** Exercise brief **
Return exactly the lines of the data below, from the one that contains "En-suite bathroom with" through the final line, and leave out every picture.

━━ Supplied information

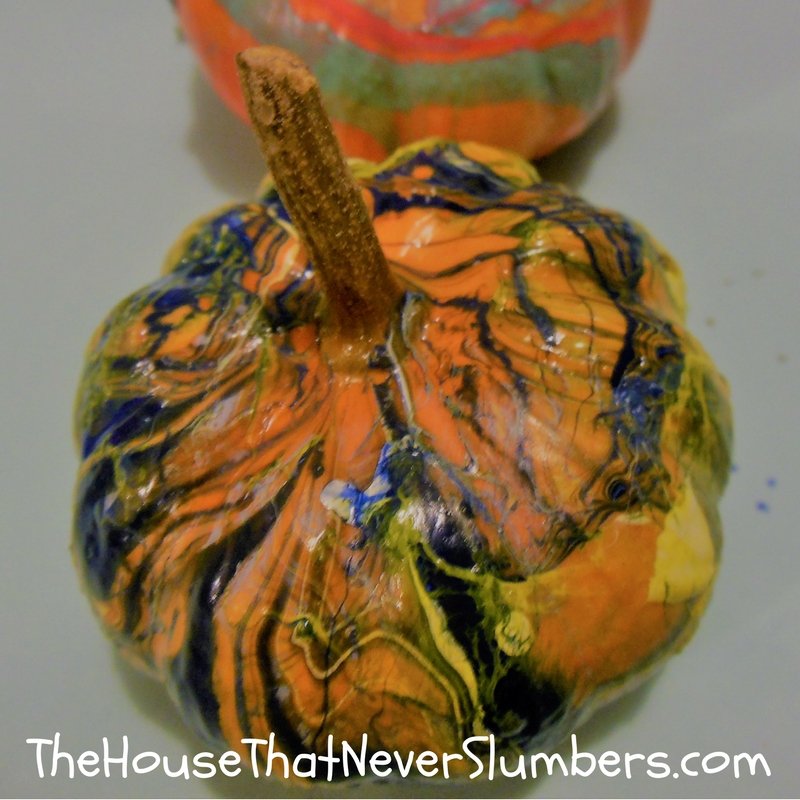 Anyone can make these simple DIY Dipped Pumpkins! This fun fall craft would make a nice addition to your Thanksgiving display or other autumn decorations. Dipping pumpkins takes less time and leaves less mess than traditional pumpkin carving activities, and these DIY Dipped Pumpkins will last longer because you aren't cutting into the pumpkin.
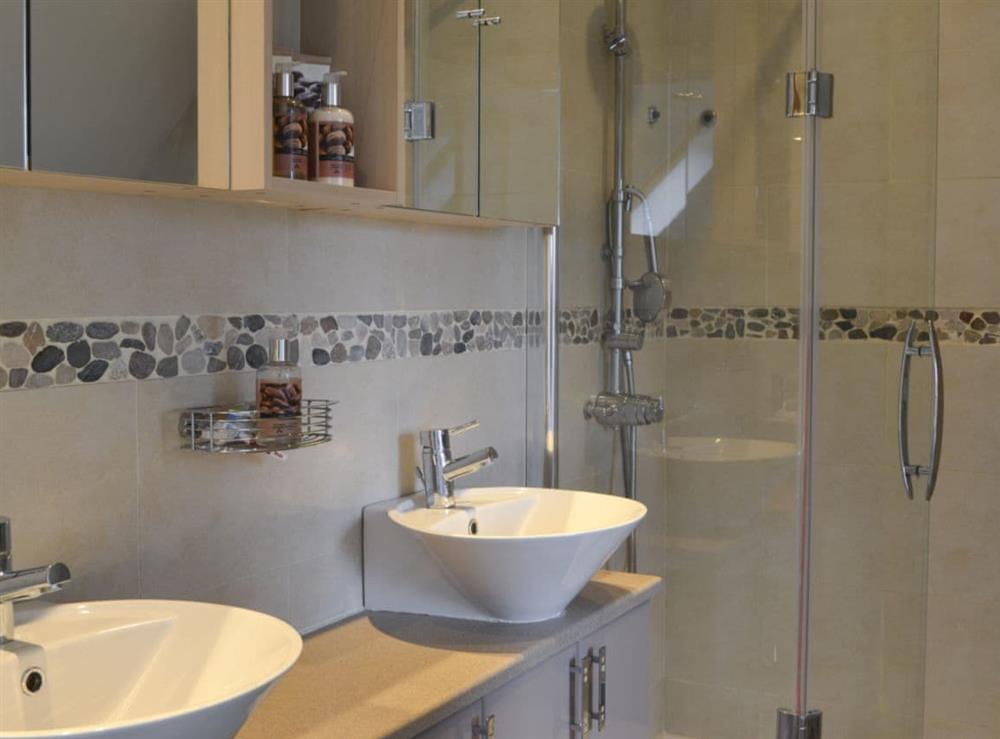 En-suite bathroom with bath, shower cubicle and toilet at River Mill House in Ballachulish, near Fort William, Argyll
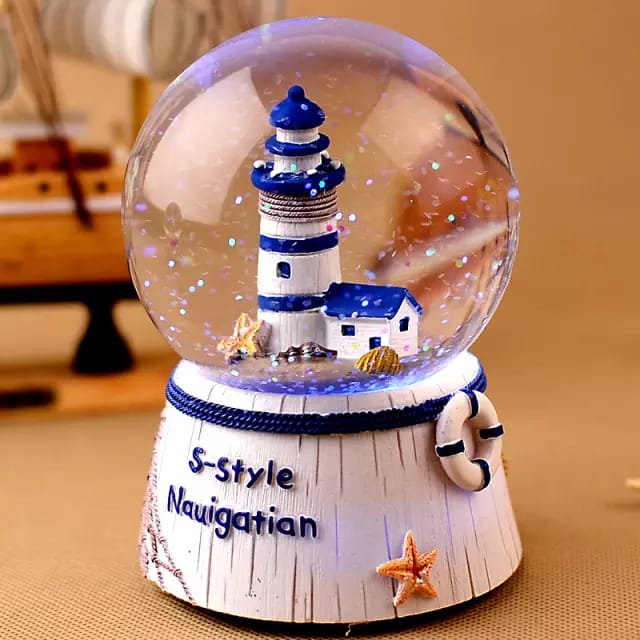 Musical Light House Snow Globe.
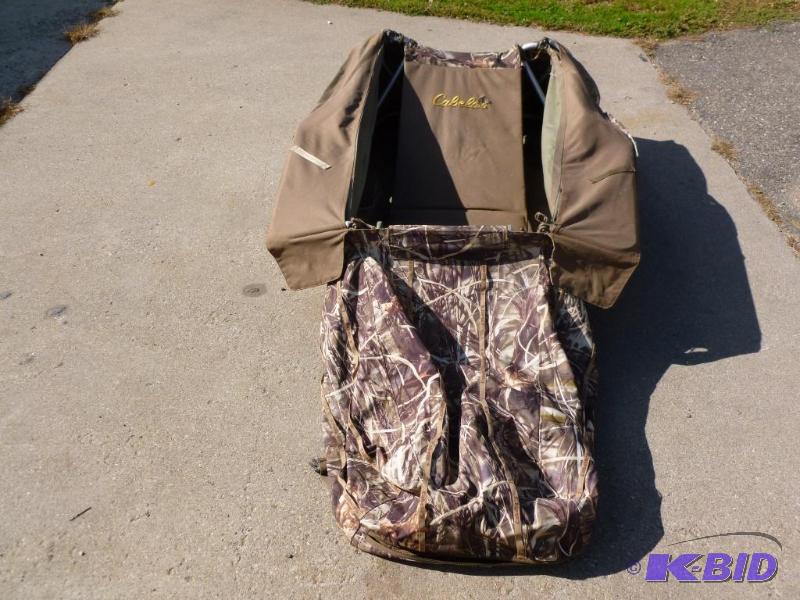 lot 1 image: Large Cabelas camouflaged laying down goose ...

━━━━

** Answer to this task **
 En-suite bathroom with bath, shower cubicle and toilet at River Mill House in Ballachulish, near Fort William, Argyll
 Musical Light House Snow Globe.
 lot 1 image: Large Cabelas camouflaged laying down goose ...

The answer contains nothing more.